━━━━━ DATA

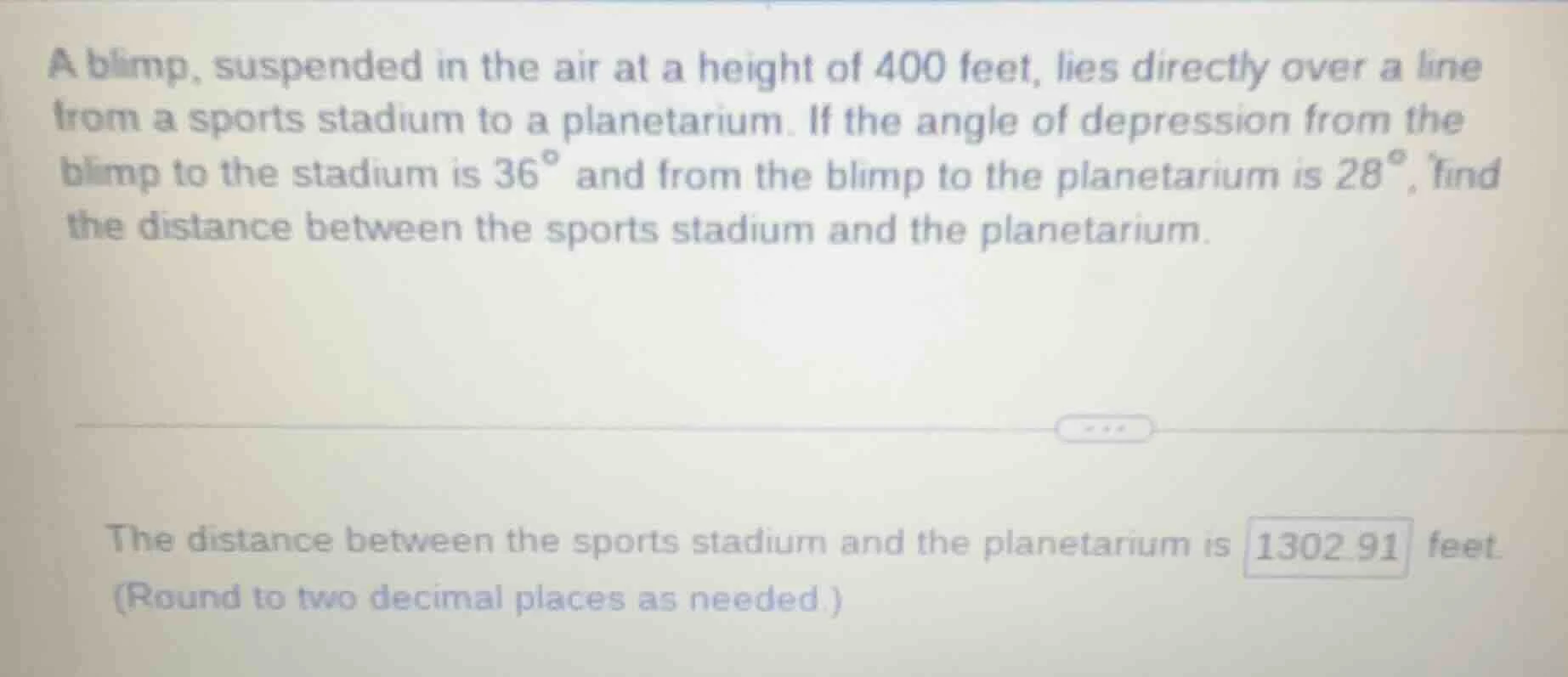 a blimp, suspended in the air at a height of 400 feet, lies directly ov…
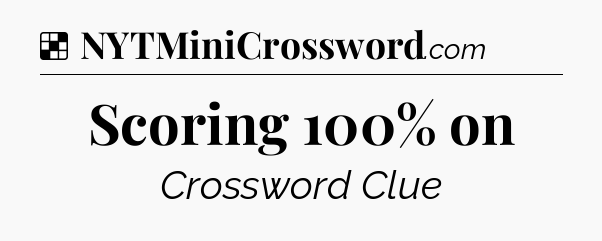 Solution: Scoring 100% on - NYT Crossword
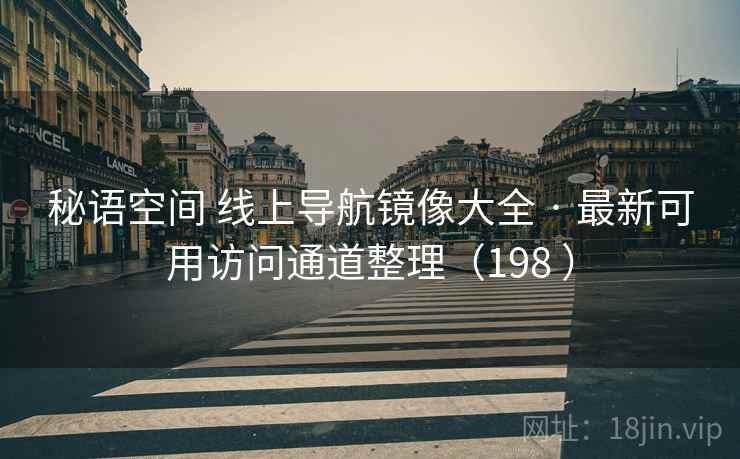 秘语空间 线上导航镜像大全 · 最新可用访问通道整理(198 ) 秘语空间 线上导航镜像大全 · 最新可用访问通道整理(198 )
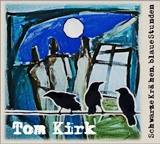  TOM KIRK: Schwarze Krähen, blaue Stunden 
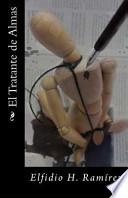El Tratante De Almas / The Treating Of Souls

━━━━━━━━━━

● **TASK DETAILS**: Could you print all the entries exactly as they stand, with the pictures left out?

● **ANSWER FOR THIS EXERCISE**:
 a blimp, suspended in the air at a height of 400 feet, lies directly ov…
 Solution: Scoring 100% on - NYT Crossword
 秘语空间 线上导航镜像大全 · 最新可用访问通道整理(198 ) 秘语空间 线上导航镜像大全 · 最新可用访问通道整理(198 )
  TOM KIRK: Schwarze Krähen, blaue Stunden 
El Tratante De Almas / The Treating Of Souls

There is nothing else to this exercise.